図4の例では機能が温度センサで、性能が0-120度の装置種、基板種のデータが対象とされる。
【0034】
具体的には、まず処理ステップS43においてグループデータベースDB2から1つのグループの機能ブロックデータを読み込み,機能ブロック夫々のLCAを算出する。次に処理ステップS44では機能ブロック夫々の性能を比較し,全ての機能ブロックの性能を包含できるかをチェックする。また処理ステップS44では、算出した各機能ブロックのLCAを比較して最良である電子部品を共通電子部品に選択する。処理ステップS45では、最後に、共通部品に置き換えた基板の回路データを回路基板データベースDB3に置き換え保存する。
【0035】
処理ステップS46では、すべてのグループの処理が完了するまで繰り返し処理し、処理ステップS47では、電子部品を置き換えた基盤を再設計する。なお処理ステップS46、S47の処理は、
図3の部品置き換え変更設計に相当する。
【0036】
図3に戻り、この図は電子部品を共通化するシステムの全体構成の一例を示した図である。

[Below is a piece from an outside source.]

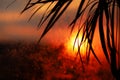 Silhouette of palm leaf in sunset light. Blurred bokeh background of wet window glass and shape of sun. Royalty Free Stock Photo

本図に示すように、例えば製品Aと製品Bに搭載される各基板の電子部品をプロセッサシステム10に入力すると、共通化できる部品を抽出し、共通化した後の回路データ(ネットリスト/部品リスト)を出力する。
【0037】
図示の例の場合、与えられた製品Aと、製品Bについて、本発明処理後には製品Aの基板1の部品A,B,Cが選択電子部品であり、製品Aの基板2の部品Cと、製品Bの基板1の部品Aと、製品Bの基板2の部品A、Bとが共通化した部品であることを示している。
【0038】
図8は、本発明の利用段階を示す図である。ここでは、構想設計段階から使用策定段階、詳細設計段階、部材調達段階、製造段階、検査段階、出荷段階に至る一連の段階の中で、使用策定段階と詳細設計段階に利用できることを示している。
【0039】
具体的には例えば、エンジニアリングチェーンの中に置いて、回路基板の仕様を策定して詳細設計した後に、詳細設計した回路データと設計仕様データをプロセッサシステム10に入力し、共通化後の回路データ(ネットリスト/部品リスト)を得る。設計者は、共通化後の回路データを検証(シミュレーション解析など)し、装置仕様や装置運用、保守、電子部品の調達性の観点で問題無いかを確認する。これにより、電子部品再利用支援システムが構成され、電子部品の再利用に貢献することができる。
【0040】
以上要するに
図1に示すプロセッサシステム10は、具体的には、複数の製品に搭載される複数種の回路基板の回路データ(ネットリスト/部品リスト)から共通化できる電子部品を選択し,本グループ内の機能ブロックの電子部品をこの選択した共通電子部品に置き換える。また、プロセッサシステム10は、回路データ(ネットリスト/部品リスト)から機能/性能別に機能ブロックを抽出・グループ化し,グループ内の機能ブロックの中で性能を包含しながら最もLCAが良好な電子部品を選択する。また、プロセッサシステム10は、共通電子部品に置き換えた後の回路データ(ネットリスト/部品リスト)を出力する。このようなプロセッサシステム10により、各製品で使用される電子部品を共通化して再利用先を拡大することで、電子部品の再利用率を向上することができることになる。
機能ブロック化処理に関する、そのほかの例は設計者による指定であり、対象の回路基板を設計する際に,予め機能毎に回路範囲を指定しておく。また回路ブロック化の際は,この指定範囲を1つの回路ブロックと判定する。
またグループ化処理に関して、その一例はグラフデータベースマイニングによるものである。この場合には、予め,各回路機能や性能毎に基準となる部分グラフを用意しておく。グラフ同型探索処理を用いて,機能ブロック化処理で得た各部分グラフと基準部分グラフの同型を判定する。グラフ同型探索処理は,例えば,グリーディー探索法などを用いる。
グループ化処理に関する、そのほかの例は設計者によるラベリングによるものである。この場合には、対象の回路基板を設計する際に,回路ブロックを指定するとともに機能と性能をラベリングしておく。
なお、共通部品の選定処理に関して、以下の点を考慮するのがよい。まず寿命に関して、リユースを想定した電子部品の長寿命化のため,最も低消費電力(低発熱)となる電子部品を選定するのがよい。環境に関して、電子部品のLCA(Life Cycle Assessment)を計算し,GHG/CO2排出量が最も良好な部品を選定するのがよい。経済に関して経済性を考慮して,「最も安価な電子部品」や「最も安定調達できる部品」選定するのがよい。また寿命、環境、経済の観点を複合して、に夫々重みを付けて総和し,最もバランスの良い電子部品を選定するのがよい。